C’est malheureusement un savoir-faire qui se perd, pour 2 raisons essentielles. Premièrement, avec la crise économique en Sardaigne (comme dans toute l’Italie, mais les îles sont particulièrement touchées), les enfants des orfèvres ont quitté l’île très jeune, pour faire leurs études et trouver un travail. Ils ne reprennent pas la suite des parents et les orfèvres ont un certain âge. Deuxièmement, il y a de moins en moins d’orfèvres qui tiennent le coup car la compétition due à la mondialisation se fait sentir. De plus en plus de bagues en filigranes sont produites en Chine à la machine et dans les grandes villes de Sardaigne (Alghero, Cagliari), les rues commerçantes regorgent de bagues en filigrane à 10€. Or, il faut environ 10h pour réaliser une bague en filigrane à la main ! Les touristes se laissent séduire sans comprendre l’enjeu. Les orfèvres n’y trouvent plus leur compte et les ateliers ferment. Pour moi, c’est très dur de voir que cette tradition suffoque.
Ce savoir-faire existe-t-il ailleurs qu’en Sardaigne ?
On en trouve pas mal ailleurs en Italie et au Portugal, un peu en Espagne aussi, mais comme je le disais, c’est un savoir-faire qui se perd doucement.

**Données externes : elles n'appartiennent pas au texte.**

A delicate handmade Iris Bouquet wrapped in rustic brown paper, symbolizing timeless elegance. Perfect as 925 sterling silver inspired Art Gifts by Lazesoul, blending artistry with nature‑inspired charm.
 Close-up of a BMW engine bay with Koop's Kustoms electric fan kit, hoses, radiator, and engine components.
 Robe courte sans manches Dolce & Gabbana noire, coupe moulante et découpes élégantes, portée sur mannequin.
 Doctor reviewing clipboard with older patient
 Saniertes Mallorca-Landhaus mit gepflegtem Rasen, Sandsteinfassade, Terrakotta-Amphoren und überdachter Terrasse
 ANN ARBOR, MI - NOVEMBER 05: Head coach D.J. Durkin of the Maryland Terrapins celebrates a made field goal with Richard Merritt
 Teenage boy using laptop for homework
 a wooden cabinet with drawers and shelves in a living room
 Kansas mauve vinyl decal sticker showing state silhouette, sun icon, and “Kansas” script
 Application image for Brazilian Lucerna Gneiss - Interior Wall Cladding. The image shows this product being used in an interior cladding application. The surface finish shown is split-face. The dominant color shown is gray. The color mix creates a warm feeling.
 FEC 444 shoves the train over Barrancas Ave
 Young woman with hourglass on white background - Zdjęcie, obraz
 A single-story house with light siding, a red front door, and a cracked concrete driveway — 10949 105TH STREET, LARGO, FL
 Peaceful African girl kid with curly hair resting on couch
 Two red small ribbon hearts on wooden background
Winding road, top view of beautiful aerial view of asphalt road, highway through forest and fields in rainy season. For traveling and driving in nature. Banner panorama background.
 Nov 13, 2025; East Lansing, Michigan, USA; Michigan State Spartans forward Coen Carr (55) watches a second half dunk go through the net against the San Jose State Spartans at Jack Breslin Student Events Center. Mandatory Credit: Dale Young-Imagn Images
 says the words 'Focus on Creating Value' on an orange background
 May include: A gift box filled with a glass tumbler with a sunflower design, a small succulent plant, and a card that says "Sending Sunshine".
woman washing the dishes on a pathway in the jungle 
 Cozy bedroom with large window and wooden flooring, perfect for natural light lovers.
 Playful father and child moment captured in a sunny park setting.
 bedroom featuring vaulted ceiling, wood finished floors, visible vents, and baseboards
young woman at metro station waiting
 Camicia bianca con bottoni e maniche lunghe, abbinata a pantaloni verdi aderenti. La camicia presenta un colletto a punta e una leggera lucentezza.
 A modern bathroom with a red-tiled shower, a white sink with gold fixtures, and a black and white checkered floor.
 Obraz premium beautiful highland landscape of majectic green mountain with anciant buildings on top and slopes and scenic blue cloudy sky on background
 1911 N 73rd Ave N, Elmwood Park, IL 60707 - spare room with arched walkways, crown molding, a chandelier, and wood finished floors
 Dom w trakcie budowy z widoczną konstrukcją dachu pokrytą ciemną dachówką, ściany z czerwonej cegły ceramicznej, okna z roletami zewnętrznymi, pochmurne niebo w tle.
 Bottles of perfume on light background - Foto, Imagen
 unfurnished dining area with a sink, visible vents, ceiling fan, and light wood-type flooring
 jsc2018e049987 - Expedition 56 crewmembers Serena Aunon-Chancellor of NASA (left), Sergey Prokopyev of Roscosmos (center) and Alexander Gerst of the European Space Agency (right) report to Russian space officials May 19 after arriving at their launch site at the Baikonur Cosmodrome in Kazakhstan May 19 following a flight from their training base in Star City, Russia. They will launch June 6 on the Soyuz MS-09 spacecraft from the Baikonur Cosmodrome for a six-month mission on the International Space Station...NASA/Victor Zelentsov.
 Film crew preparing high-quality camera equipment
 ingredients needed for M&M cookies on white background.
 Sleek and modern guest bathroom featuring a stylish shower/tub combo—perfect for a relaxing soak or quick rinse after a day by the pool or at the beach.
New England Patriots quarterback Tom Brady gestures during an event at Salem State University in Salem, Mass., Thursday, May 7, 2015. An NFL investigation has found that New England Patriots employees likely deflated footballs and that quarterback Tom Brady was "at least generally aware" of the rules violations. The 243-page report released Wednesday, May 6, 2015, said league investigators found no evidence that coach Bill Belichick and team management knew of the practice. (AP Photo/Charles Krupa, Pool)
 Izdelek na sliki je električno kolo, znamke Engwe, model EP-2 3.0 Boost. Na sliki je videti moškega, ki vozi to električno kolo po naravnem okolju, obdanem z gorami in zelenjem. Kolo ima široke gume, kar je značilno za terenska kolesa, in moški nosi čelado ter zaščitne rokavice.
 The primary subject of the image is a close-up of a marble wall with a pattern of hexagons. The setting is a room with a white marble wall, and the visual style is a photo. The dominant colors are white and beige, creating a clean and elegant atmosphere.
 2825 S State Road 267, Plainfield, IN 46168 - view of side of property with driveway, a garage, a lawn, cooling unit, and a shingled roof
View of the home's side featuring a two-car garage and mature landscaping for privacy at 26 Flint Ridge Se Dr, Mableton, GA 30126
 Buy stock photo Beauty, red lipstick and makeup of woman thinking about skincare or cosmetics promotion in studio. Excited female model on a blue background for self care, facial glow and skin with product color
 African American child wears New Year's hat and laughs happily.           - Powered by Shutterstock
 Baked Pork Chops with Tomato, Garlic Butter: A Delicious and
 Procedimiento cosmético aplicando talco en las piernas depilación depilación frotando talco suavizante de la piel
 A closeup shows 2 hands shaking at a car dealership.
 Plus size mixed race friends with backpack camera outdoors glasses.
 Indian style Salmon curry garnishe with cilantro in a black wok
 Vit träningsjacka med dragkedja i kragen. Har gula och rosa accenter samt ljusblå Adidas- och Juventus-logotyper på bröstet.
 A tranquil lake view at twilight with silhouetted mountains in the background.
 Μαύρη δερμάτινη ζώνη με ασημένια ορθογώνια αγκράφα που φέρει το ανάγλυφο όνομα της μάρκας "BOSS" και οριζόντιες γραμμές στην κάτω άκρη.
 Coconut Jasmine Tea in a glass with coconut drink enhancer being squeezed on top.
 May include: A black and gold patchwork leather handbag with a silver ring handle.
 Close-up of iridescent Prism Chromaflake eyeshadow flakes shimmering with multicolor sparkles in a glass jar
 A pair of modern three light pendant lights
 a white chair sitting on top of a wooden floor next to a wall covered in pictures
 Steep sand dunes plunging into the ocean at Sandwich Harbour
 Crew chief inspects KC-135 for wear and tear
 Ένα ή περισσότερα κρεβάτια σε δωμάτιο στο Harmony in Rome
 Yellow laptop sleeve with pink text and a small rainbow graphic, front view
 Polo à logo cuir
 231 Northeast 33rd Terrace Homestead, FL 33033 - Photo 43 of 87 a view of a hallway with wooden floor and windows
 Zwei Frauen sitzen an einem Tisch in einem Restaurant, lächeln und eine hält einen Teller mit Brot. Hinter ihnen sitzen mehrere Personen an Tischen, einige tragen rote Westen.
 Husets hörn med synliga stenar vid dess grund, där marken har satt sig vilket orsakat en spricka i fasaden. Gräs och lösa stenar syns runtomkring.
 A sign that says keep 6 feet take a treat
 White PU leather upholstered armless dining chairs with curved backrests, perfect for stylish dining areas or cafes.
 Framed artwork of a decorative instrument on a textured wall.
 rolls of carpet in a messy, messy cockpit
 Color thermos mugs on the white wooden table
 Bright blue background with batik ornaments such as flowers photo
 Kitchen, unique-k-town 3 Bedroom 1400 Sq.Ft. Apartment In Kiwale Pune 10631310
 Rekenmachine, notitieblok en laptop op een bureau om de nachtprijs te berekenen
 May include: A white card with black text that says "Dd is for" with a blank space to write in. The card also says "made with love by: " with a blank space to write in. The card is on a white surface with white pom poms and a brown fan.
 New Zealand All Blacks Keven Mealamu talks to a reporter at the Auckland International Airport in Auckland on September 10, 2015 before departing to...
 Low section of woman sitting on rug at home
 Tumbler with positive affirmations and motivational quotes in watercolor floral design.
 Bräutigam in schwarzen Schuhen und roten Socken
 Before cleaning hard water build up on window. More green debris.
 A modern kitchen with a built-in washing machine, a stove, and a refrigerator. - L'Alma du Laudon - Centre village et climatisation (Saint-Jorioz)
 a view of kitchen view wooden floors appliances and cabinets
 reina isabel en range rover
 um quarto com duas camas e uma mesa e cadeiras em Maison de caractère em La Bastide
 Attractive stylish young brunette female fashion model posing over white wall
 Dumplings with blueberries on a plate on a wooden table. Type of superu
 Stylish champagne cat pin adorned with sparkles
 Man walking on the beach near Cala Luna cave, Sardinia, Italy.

On apparente souvent l’orfèvrerie sarde à de la broderie de métal, grâce à son tissage très fin et très travaillé. Ce que j’aime beaucoup, c’est que ces techniques passent d’un art à l’autre: de la tapisserie à la broderie et à la joaillerie.
Comment as-tu sélectionné les artisans qui travaillent sur le projet ?
Je les ai trouvés un peu par hasard, avec mon père, en allant visiter les ateliers dans le Nord de la Sardaigne. Chose incroyable, un des orfèvres que j’ai rencontré avait appris le métier de son père, qui était en fait tous les dimanches chez ma grand-mère, c’était un ami de mon grand-père. Je travaille avec 3 orfèvres au total, 2 messieurs et 1 dame. Ils savent tout faire de leurs mains. Je pars à la recherche de pépites et d’inspirations dans les musées, les livres, je fais des croquis (je dessine extrêmement mal). Quand j’arrive à leur atelier, je leur montre mes croquis et ils savent les reproduire, ils me comprennent. Pour moi, ils fabriquent de leurs mains des joyaux. C’est un art.
Quelle éthique as-tu choisi pour ton projet ?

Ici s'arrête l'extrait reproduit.